** THE DATA follows **
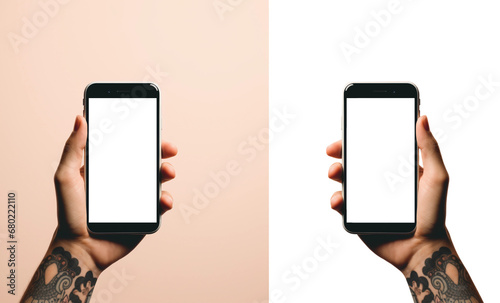 Mockup de mano agarrando un móvil. Pantalla vacía. Mockup. Fondo transparente. PNG. Aesthetic. Generado con IA.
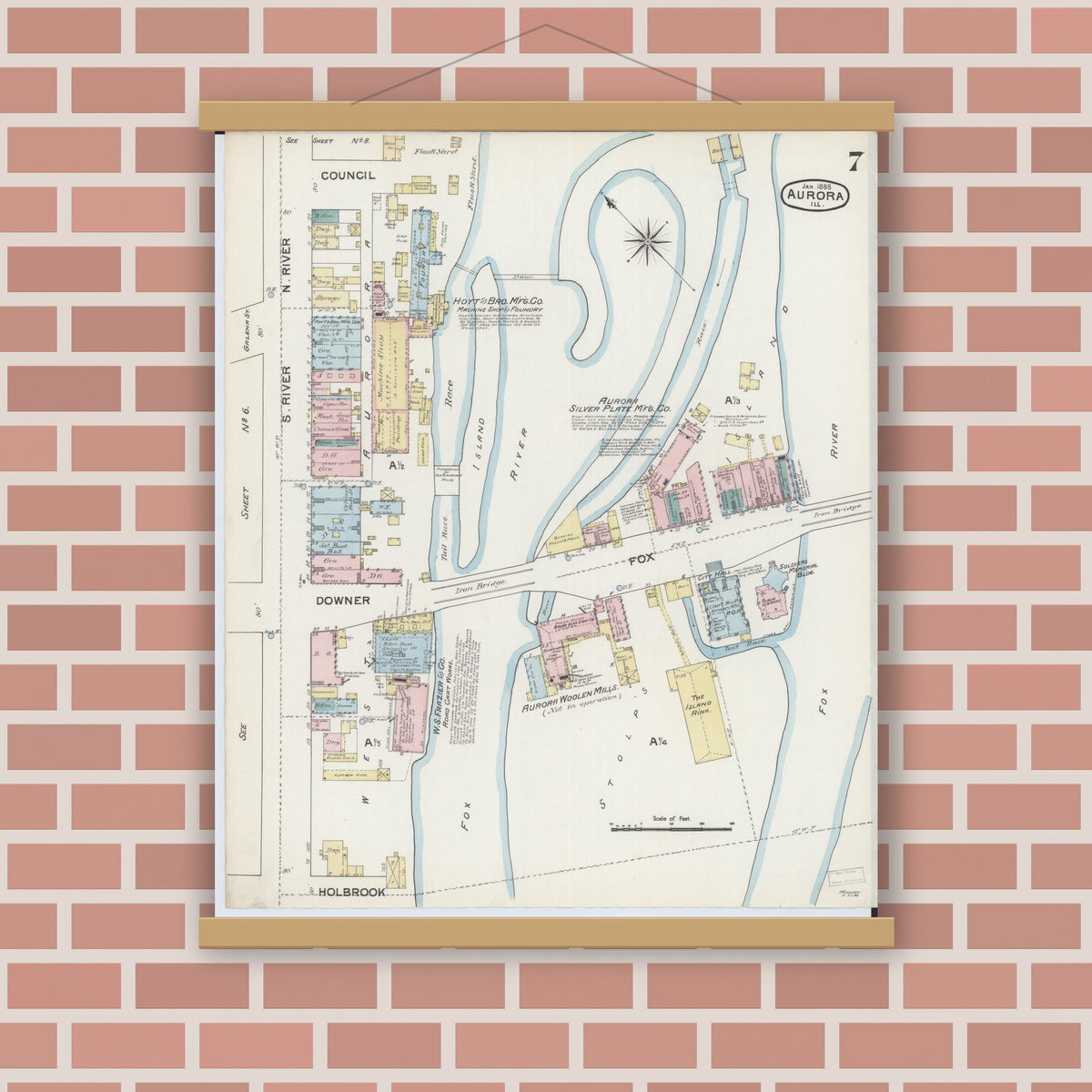 Old map wall art mockup — magnetic wood frame on brick wall — Sanborn Fire Insurance Map from Aurora, Kane County, Illinois (1888), Sheet #0007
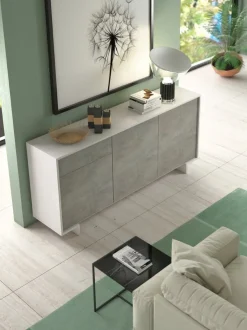 Sikelia Sideboard Living betongrau, weiss Hot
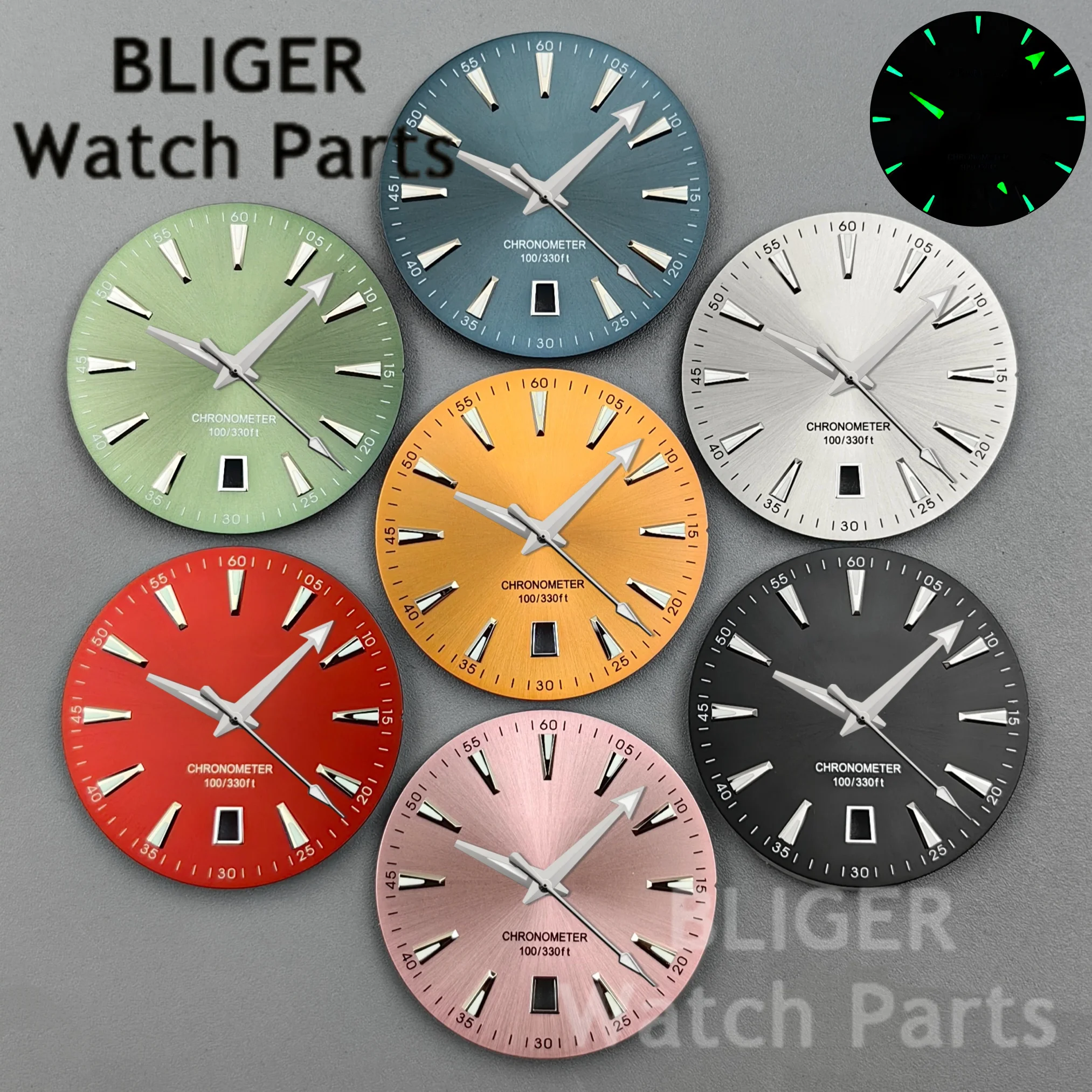 BLIGER NH35 33.5mm Gradient Lake Blue Watch Dial Hands Green Luminous 6 o'clock Calendar For NH35 NH36 Movement Mod Watch Parts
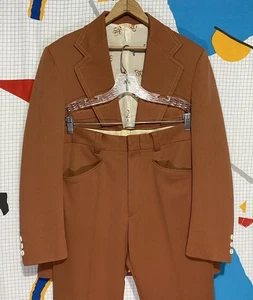 Vintage 70er Levis Panatela Freizeitanzug Jacke Hose Hippie Disco Western orange - Bild 1 von 24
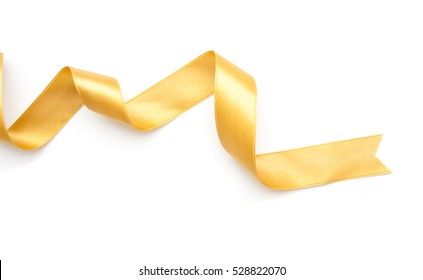 Golden Ribbon Border Isolated On White Background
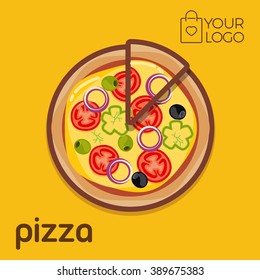 Pizza Logo icon flat design, Vector illustration banner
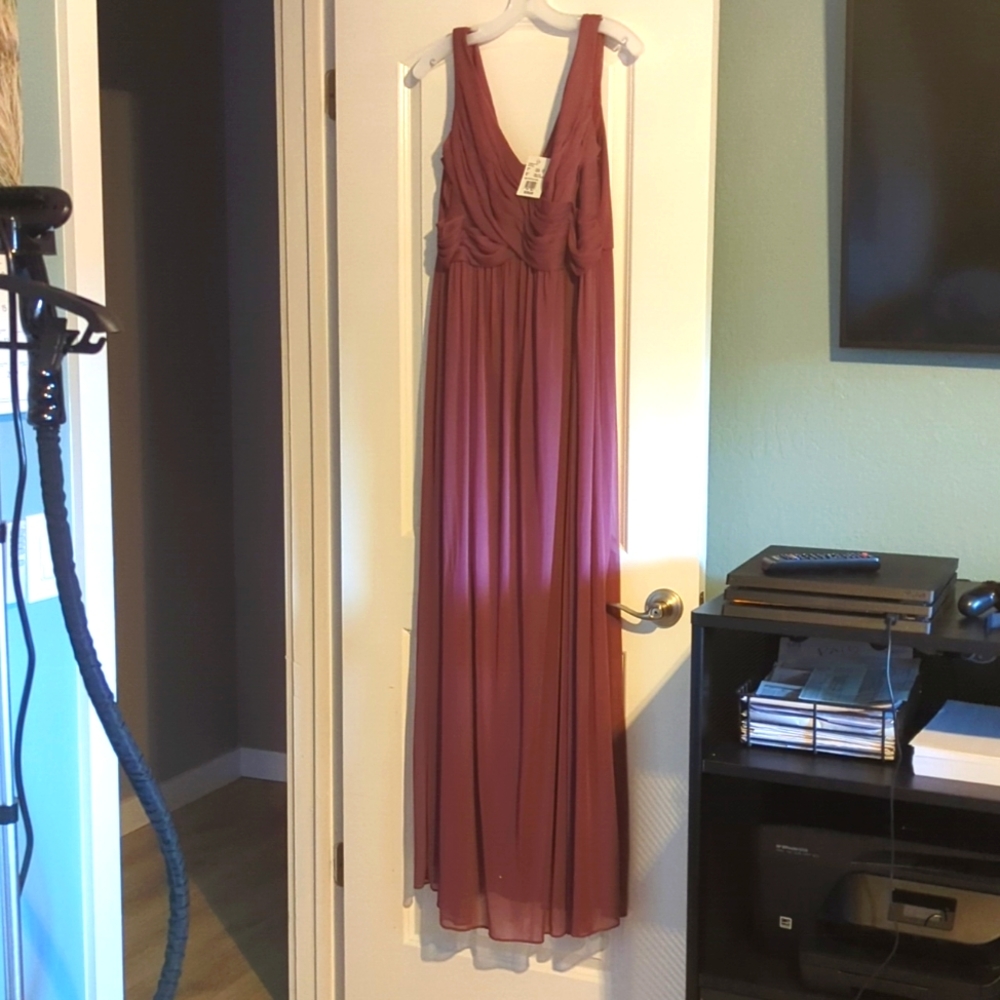 David's Bridal Long Mesh Dress with Cowl Back in Chianti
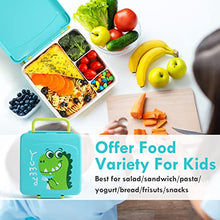 Load image into Gallery viewer, Lehoo Castle Bento Lunch Box for Kids with 4 Compartments,1300ml Lunch Containers with Ice Packs Sauce Jar, Spoon&Fork, Durable, Leak Proof, BPA-Free and Food-Safe Materials(Blue)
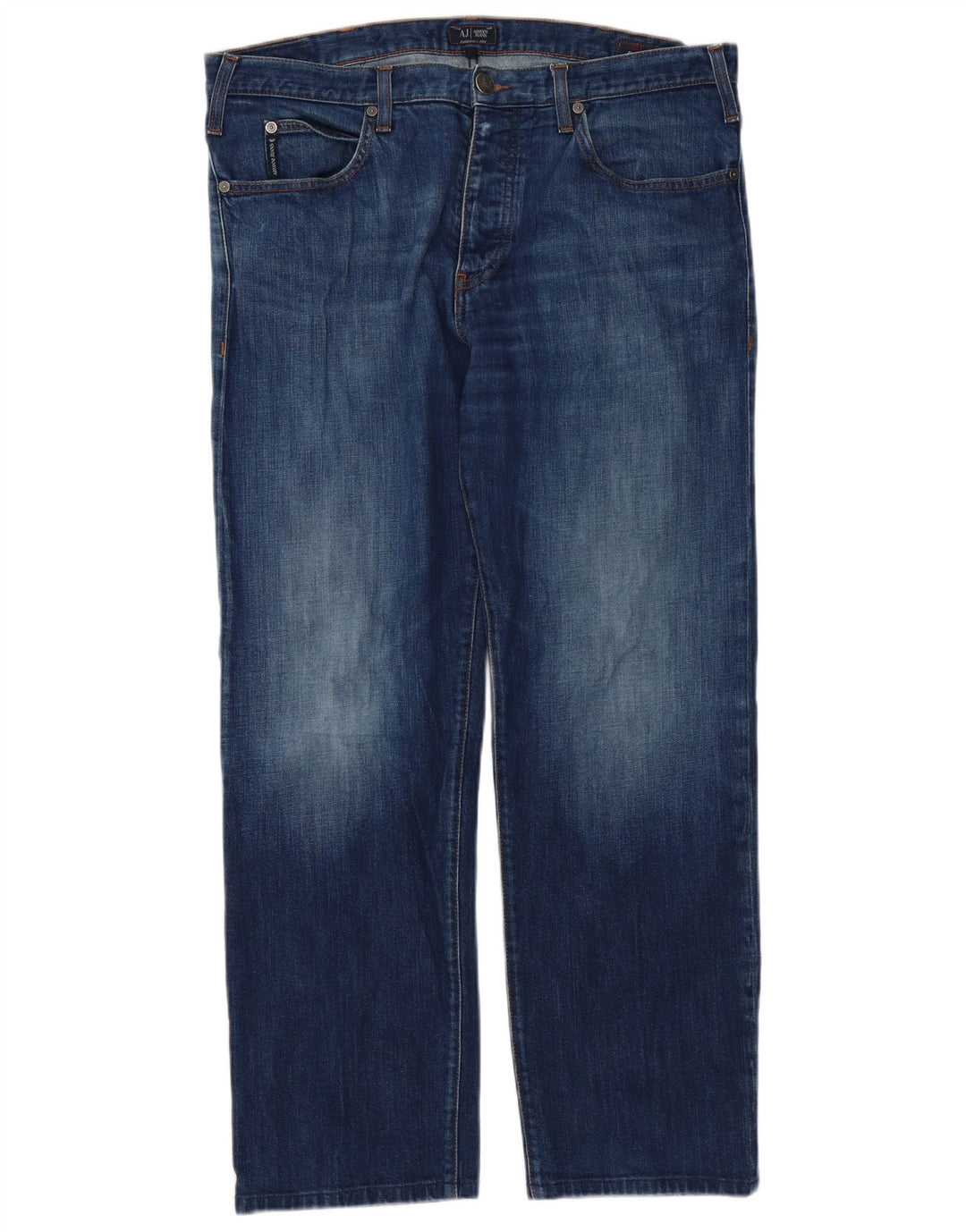 Armani Herre Regular Straight Jeans W36 L30 Blå Bomuld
** End of THE DATA **
- **WHAT THE EXERCISE ASKS**
Your task is to retype exactly, and only, the lines from the one that holds "Load image into" through the end of the listing, both end lines included, without any pictures.

- **TASK RESPONSE**
 Load image into Gallery viewer, Lehoo Castle Bento Lunch Box for Kids with 4 Compartments,1300ml Lunch Containers with Ice Packs Sauce Jar, Spoon&Fork, Durable, Leak Proof, BPA-Free and Food-Safe Materials(Blue)
 Armani Herre Regular Straight Jeans W36 L30 Blå Bomuld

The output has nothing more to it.